Example of a vulnerable route that directly uses a user-supplied user ID to query DynamoDB:

import boto3
from flask import Flask, request, jsonify

app = Flask(__name__)
ddb = boto3.resource('dynamodb')
table = ddb.Table('profiles')

@app.route('/profile/')
def get_profile(user_id):
    # Vulnerable: no validation, direct concatenation in KeyConditionExpression
    response = table.query(
        KeyConditionExpression=f'user_id = :uid',
        ExpressionAttributeValues={':uid': {'S': user_id}}
    )
    return jsonify(response.get('Items', []))

Fixed version with validation, scoped credentials, and safe expression building:

import re
import boto3
from flask import Flask, request, jsonify, abort

app = Flask(__name__)
ddb = boto3.resource('dynamodb')
table = ddb.Table('profiles')

USER_ID_PATTERN = re.compile(r'^[a-zA-Z0-9_-]{1,64}$')

def is_valid_user_id(user_id):
    return USER_ID_PATTERN.match(user_id) is not None

@app.route('/profile/')
def get_profile(user_id):
    if not is_valid_user_id(user_id):
        abort(400, 'Invalid user identifier')
    # Safe: parameterized expression with bound values
    response = table.query(
        KeyConditionExpression='user_id = :uid',
        ExpressionAttributeValues={':uid': {'S': user_id}}
    )
    items = response.get('Items', [])
    # Remove or mask sensitive fields before returning
    for item in items:
        item.pop('password_hash', None)
        item.pop('internal_role', None)
    return jsonify(items)

Ensure the IAM role used by the Flask application has a policy that restricts access to the specific table and only the necessary actions. For example, instead of dynamodb:*, use dynamodb:Query with a resource constraint on the table ARN. Enable DynamoDB Streams only if required, and avoid broad dynamodb:Scan permissions in production endpoints. Combine these practices with the other 12 security checks run by middleBrick to detect Authentication, BOLA/IDOR, Input Validation, Data Exposure, and LLM/AI Security findings specific to your API surface.

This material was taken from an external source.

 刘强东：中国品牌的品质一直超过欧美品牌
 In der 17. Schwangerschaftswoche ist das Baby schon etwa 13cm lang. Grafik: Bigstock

When integrating with CI/CD, the middleBrick GitHub Action can add API security checks to your pipeline and fail builds if the risk score drops below your chosen threshold. For ongoing assurance, the Pro plan provides continuous monitoring and configurable scan schedules, so changes to your Flask routes or DynamoDB schema are assessed promptly. The CLI allows local scanning with middlebrick scan <url>, and the MCP Server enables scanning APIs directly from AI coding assistants within your IDE.

Frequently Asked Questions

How does middleBrick detect issues when scanning Flask APIs that use DynamoDB?
middleBrick runs 12 security checks in parallel, including Authentication, BOLA/IDOR, Input Validation, Data Exposure, and LLM/AI Security. It analyzes your OpenAPI/Swagger spec (2.0, 3.0, 3.1) with full $ref resolution and compares spec definitions with runtime findings, providing prioritized findings with severity and remediation guidance without requiring credentials or agents.
Can I integrate middleBrick into my CI/CD pipeline to fail builds on risky Flask + DynamoDB changes?
Yes. With the Pro plan, the GitHub Action adds API security checks to your CI/CD pipeline and can fail builds if the risk score drops below your threshold. This helps catch regressions early when modifying endpoints that interact with DynamoDB.